Record excerpts

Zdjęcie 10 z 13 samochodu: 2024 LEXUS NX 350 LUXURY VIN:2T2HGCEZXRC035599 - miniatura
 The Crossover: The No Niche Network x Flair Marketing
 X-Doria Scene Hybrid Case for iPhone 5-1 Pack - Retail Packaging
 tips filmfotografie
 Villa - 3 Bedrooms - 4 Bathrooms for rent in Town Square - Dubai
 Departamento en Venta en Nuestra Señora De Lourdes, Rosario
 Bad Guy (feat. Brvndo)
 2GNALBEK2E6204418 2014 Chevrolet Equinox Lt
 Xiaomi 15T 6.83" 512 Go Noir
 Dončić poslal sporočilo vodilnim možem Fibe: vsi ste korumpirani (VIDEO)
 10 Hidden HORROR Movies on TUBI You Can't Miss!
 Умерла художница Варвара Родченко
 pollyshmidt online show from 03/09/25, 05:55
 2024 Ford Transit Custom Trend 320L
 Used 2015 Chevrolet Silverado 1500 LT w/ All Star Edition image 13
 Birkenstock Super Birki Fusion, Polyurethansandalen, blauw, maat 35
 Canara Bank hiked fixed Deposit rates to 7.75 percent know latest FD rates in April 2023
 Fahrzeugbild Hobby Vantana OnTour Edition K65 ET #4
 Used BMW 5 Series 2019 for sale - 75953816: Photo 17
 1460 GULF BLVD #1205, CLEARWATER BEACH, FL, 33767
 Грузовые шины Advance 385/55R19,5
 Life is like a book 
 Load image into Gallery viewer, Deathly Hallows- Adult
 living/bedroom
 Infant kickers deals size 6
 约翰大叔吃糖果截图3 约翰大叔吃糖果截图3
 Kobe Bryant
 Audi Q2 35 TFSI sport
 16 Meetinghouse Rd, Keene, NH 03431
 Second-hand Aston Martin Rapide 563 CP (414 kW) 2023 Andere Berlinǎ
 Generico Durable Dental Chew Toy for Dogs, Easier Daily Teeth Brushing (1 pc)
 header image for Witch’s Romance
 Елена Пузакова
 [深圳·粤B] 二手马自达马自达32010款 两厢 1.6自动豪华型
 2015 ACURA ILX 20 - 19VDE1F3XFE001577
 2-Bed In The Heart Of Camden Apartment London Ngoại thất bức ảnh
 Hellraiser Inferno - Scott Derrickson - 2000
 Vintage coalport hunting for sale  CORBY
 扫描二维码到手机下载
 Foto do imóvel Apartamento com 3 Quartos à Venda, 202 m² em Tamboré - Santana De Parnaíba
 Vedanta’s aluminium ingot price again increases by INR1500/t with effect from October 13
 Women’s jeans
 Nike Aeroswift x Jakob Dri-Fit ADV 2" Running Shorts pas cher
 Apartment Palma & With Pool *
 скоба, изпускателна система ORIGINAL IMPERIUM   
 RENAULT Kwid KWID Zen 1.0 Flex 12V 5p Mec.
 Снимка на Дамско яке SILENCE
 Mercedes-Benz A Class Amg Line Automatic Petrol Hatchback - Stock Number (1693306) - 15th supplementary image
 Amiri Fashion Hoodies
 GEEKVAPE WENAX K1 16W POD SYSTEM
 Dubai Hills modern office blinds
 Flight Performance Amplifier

Work required
When a line among the entries contains "sale", pull that line out.

Response to this task
 Used BMW 5 Series 2019 for sale - 75953816: Photo 17
 Vintage coalport hunting for sale  CORBY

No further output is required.